Conventionally, these files (sometimes called ``system'' files)
have the suffix @file{.sav}, but that is
not mandatory.
The following syntax loads a file called @file{my-file.sav}.
@example
@prompt{PSPP>} get file='my-file.sav'.
@end example
@noindent
You will encounter several instances of this in future examples.
@node Saving data to a PSPP file.
@subsection Saving data to a @pspp{} file.
@cindex saving
@vindex SAVE
If you want to save your data, along with the variable definitions so
that you or other @pspp{} users can use it later, you can do this with
the @cmd{SAVE} command.
The following syntax will save the existing data and variables to a
file called @file{my-new-file.sav}.
@example
@prompt{PSPP>} save outfile='my-new-file.sav'.
@end example
@noindent
If @file{my-new-file.sav} already exists, then it will be overwritten.
Otherwise it will be created.
@node Reading data from other sources
@subsection Reading data from other sources
@cindex comma separated values
@cindex spreadsheets
@cindex databases
Sometimes it's useful to be able to read data from comma
separated text, from spreadsheets, databases or other sources.
In these instances you should
use the @cmd{GET DATA} command (@pxref{GET DATA}).
@node Exiting PSPP
@subsection Exiting PSPP
Use the @cmd{FINISH} command to exit PSPP:
@example
@prompt{PSPP>} finish.
@end example
@node Data Screening and Transformation
@section Data Screening and Transformation
@cindex screening
@cindex transformation
Once data has been entered, it is often desirable, or even necessary,
to transform it in some way before performing analysis upon it.
At the very least, it's good practice to check for errors.
@menu
* Identifying incorrect data::
* Dealing with suspicious data::
* Inverting negatively coded variables::
* Testing data consistency::
* Testing for normality ::
@end menu
@node Identifying incorrect data
@subsection Identifying incorrect data
@cindex erroneous data
@cindex errors, in data
Data from real sources is rarely error free.
@pspp{} has a number of procedures which can be used to help
identify data which might be incorrect.
The @cmd{DESCRIPTIVES} command (@pxref{DESCRIPTIVES}) is used to generate
simple linear statistics for a dataset. It is also useful for
identifying potential problems in the data.

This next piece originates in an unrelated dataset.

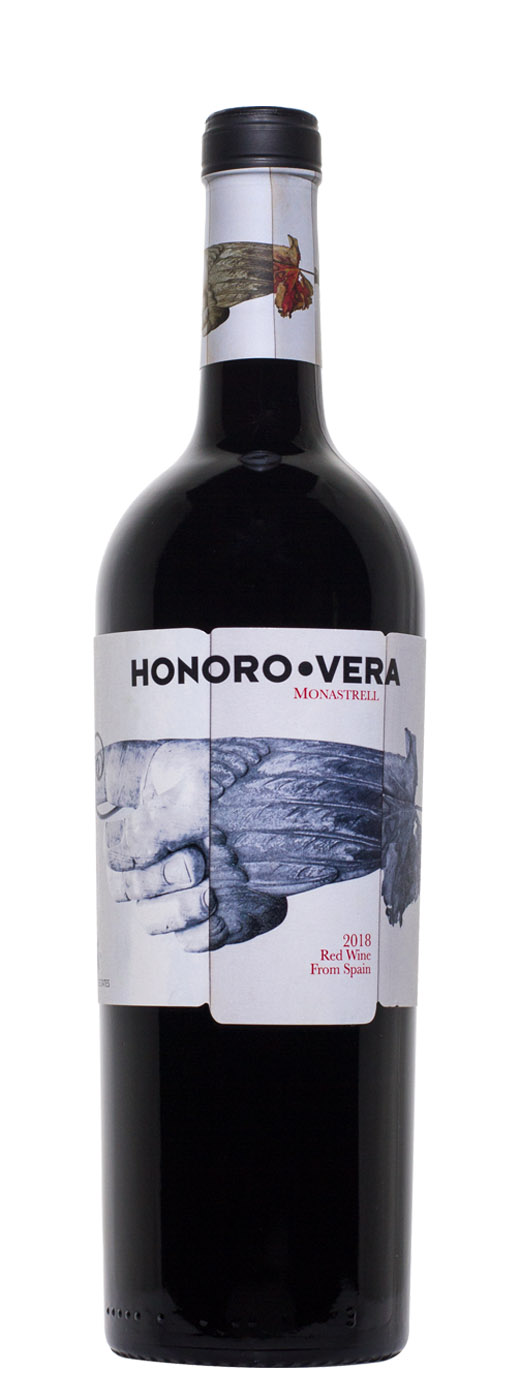 B 21 Fine Wine Spirits Florida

The example file @file{physiology.sav} contains a number of physiological
measurements of a sample of healthy adults selected at random.
However, the data entry clerk made a number of mistakes when entering
the data.
The following example illustrates the use of @cmd{DESCRIPTIVES} to screen this
data and identify the erroneous values:
@example
@prompt{PSPP>} get file='@value{example-dir}/physiology.sav'.

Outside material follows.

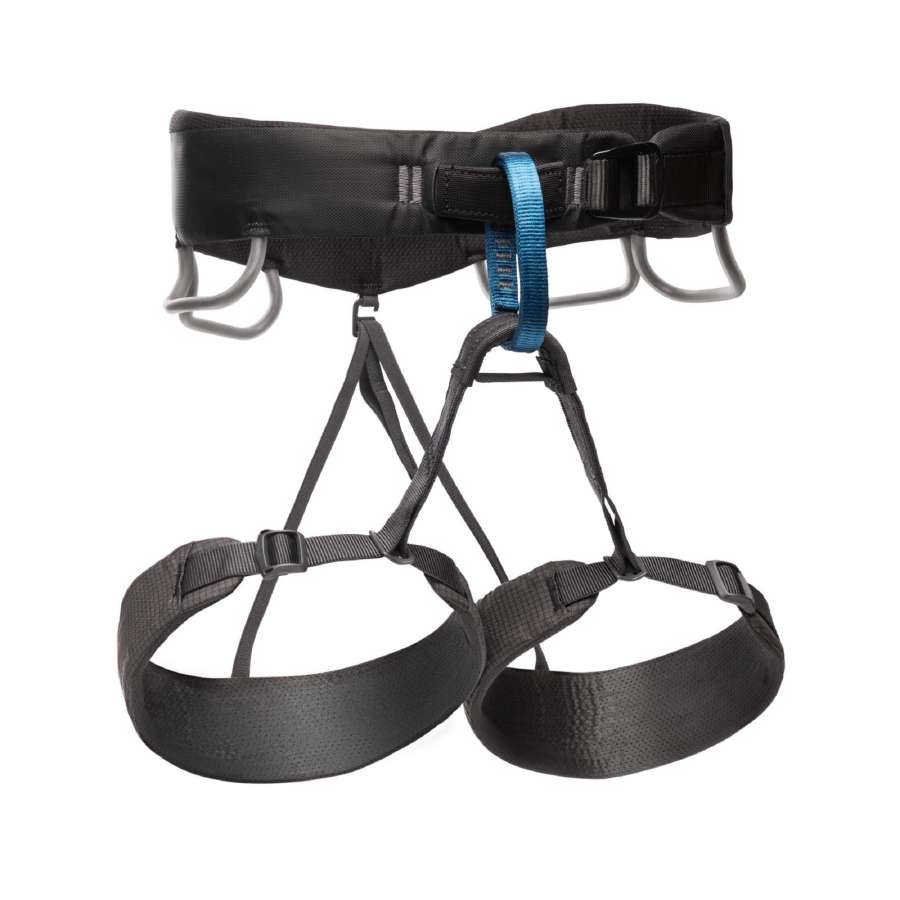 ARNES BLACK DIAMOND MOMENTUM MEN’S - Imagen 3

@prompt{PSPP>} descriptives sex, weight, height.
@end example
@noindent For this example, PSPP produces the following output:
@psppoutput {tutorial2a}
The most interesting column in the output is the minimum value.

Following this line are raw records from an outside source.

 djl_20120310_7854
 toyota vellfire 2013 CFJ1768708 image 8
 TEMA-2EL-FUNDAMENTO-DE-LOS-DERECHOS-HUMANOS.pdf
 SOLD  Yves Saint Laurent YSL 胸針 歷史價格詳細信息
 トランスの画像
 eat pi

The @exvar{weight} variable has a minimum value of less than zero,
which is clearly erroneous.
Similarly, the @exvar{height} variable's minimum value seems to be very low.
In fact, it is more than 5 standard deviations from the mean, and is a
seemingly bizarre height for an adult person.
We can look deeper into these discrepancies by issuing an additional
@cmd{EXAMINE} command:
@example
@prompt{PSPP>} examine height, weight /statistics=extreme(3).
@end example
@noindent This command produces the following additional output (in part):
@psppoutput {tutorial2b}
@noindent
From this new output, you can see that the lowest value of @exvar{height} is
179 (which we suspect to be erroneous), but the second lowest is 1598
which
we know from @cmd{DESCRIPTIVES}
is within 1 standard deviation from the mean.
Similarly, the lowest value of @exvar{weight} is
negative, but its second lowest value is plausible.
This suggests that the two extreme values are outliers and probably
represent data entry errors.
The output also identifies the case numbers for each extreme value,
so we can see that
cases 30 and 38 are the ones with the erroneous values.
@node Dealing with suspicious data
@subsection Dealing with suspicious data
@cindex SYSMIS
@cindex recoding data
If possible, suspect data should be checked and re-measured.
However, this may not always be feasible, in which case the researcher may
decide to disregard these values.
@pspp{} has a feature whereby data can assume the special value `SYSMIS', and
will be disregarded in future analysis. @xref{Missing Observations}.
You can set the two suspect values to the `SYSMIS' value using the @cmd{RECODE}
command.
@example
@pspp{}> recode height (179 = SYSMIS).
@pspp{}> recode weight (LOWEST THRU 0 = SYSMIS).
@end example
@noindent
The first command says that for any observation which has a
@exvar{height} value of 179, that value should be changed to the SYSMIS
value.
The second command says that any @exvar{weight} values of zero or less
should be changed to SYSMIS.
From now on, they will be ignored in analysis.
For detailed information about the @cmd{RECODE} command @pxref{RECODE}.
If you now re-run the @cmd{DESCRIPTIVES} or @cmd{EXAMINE} commands from
the previous section,
you will see a data summary with more plausible parameters.
You will also notice that the data summaries indicate the two missing values.
@node Inverting negatively coded variables
@subsection Inverting negatively coded variables
@cindex Likert scale
@cindex Inverting data
Data entry errors are not the only reason for wanting to recode data.
The sample file @file{hotel.sav} comprises data gathered from a
customer satisfaction survey of clients at a particular hotel.
The following commands load the file and display its
variables and associated data:
@example
@prompt{PSPP>} get file='@value{example-dir}/hotel.sav'.
@prompt{PSPP>} display dictionary.
@end example
@noindent It yields the following output:
@psppoutput {tutorial3}
The output shows that all of the variables @exvar{v1} through @exvar{v5} are measured on a 5 point Likert scale,
with 1 meaning ``Strongly disagree'' and 5 meaning ``Strongly agree''.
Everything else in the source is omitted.